PROBLEM TO WORK ON:
Down to the last line, print the data that follows exactly, without its pictures.
DATASET CONTENT: Begin
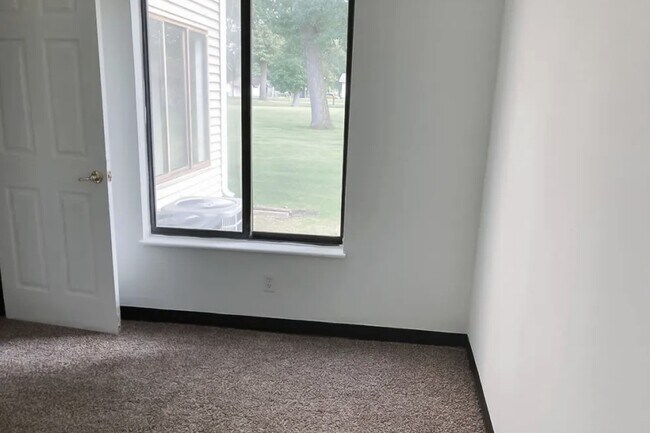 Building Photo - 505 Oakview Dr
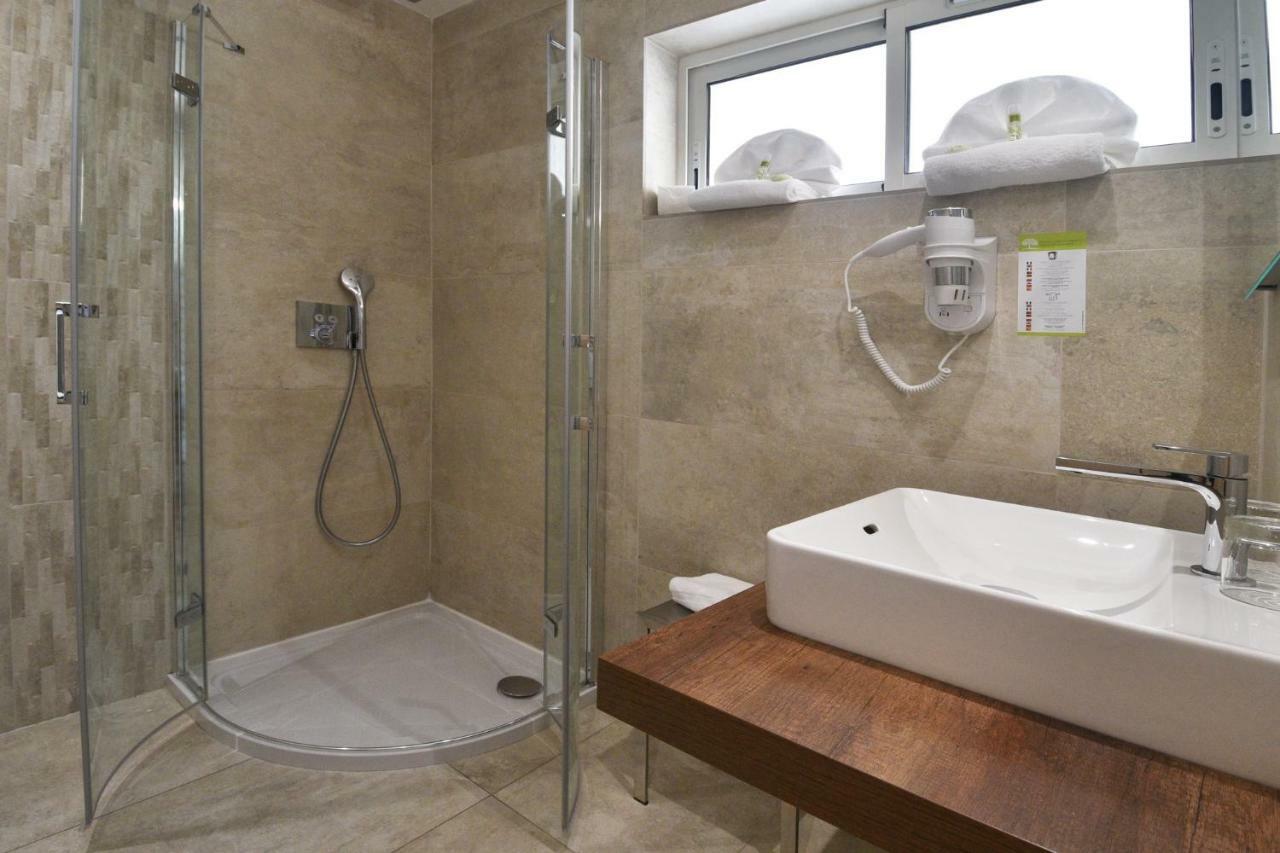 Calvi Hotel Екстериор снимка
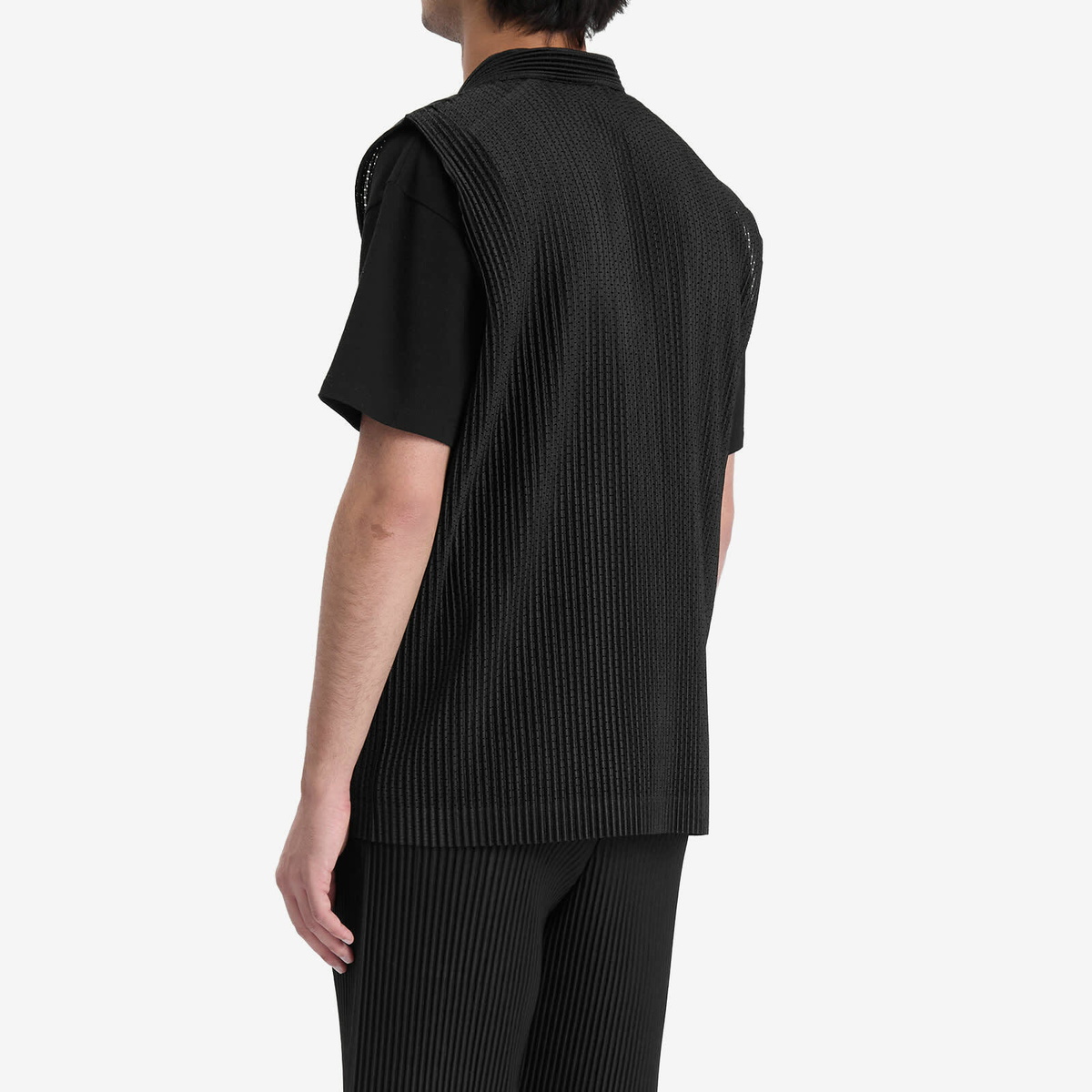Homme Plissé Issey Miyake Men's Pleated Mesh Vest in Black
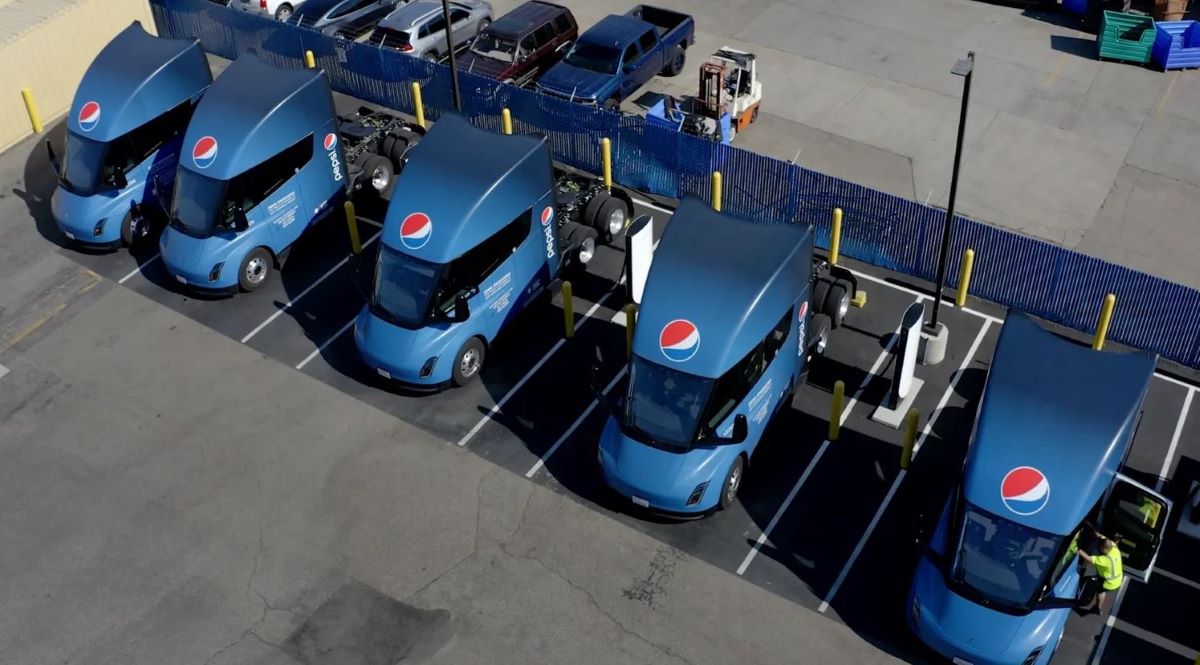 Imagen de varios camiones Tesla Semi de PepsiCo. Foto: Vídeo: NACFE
DATASET CONTENT: End
SOLUTION:
 Building Photo - 505 Oakview Dr
 Calvi Hotel Екстериор снимка
Homme Plissé Issey Miyake Men's Pleated Mesh Vest in Black
 Imagen de varios camiones Tesla Semi de PepsiCo. Foto: Vídeo: NACFE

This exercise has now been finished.